> [INFORMATION SHOWN]
____
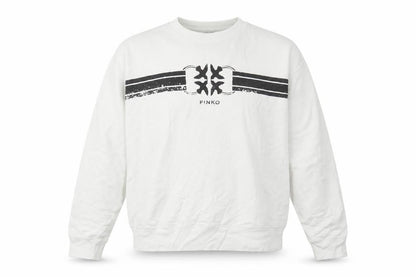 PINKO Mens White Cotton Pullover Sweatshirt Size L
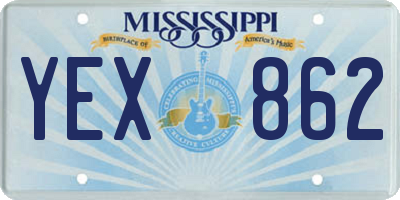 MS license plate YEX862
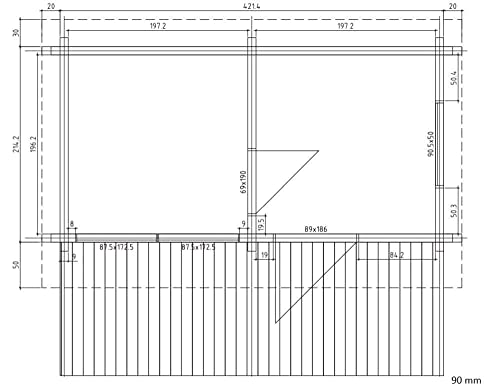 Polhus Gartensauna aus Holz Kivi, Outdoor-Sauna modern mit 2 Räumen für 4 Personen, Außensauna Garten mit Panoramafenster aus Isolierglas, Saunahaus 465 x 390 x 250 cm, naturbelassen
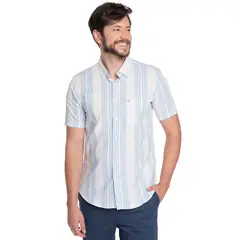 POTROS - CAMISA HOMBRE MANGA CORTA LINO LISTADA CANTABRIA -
____
> [PROBLEM TO SOLVE] Reproduce the material exactly; omit the pictures.

> [SOLVED PROBLEM]
 PINKO Mens White Cotton Pullover Sweatshirt Size L
 MS license plate YEX862
 Polhus Gartensauna aus Holz Kivi, Outdoor-Sauna modern mit 2 Räumen für 4 Personen, Außensauna Garten mit Panoramafenster aus Isolierglas, Saunahaus 465 x 390 x 250 cm, naturbelassen
 POTROS - CAMISA HOMBRE MANGA CORTA LINO LISTADA CANTABRIA -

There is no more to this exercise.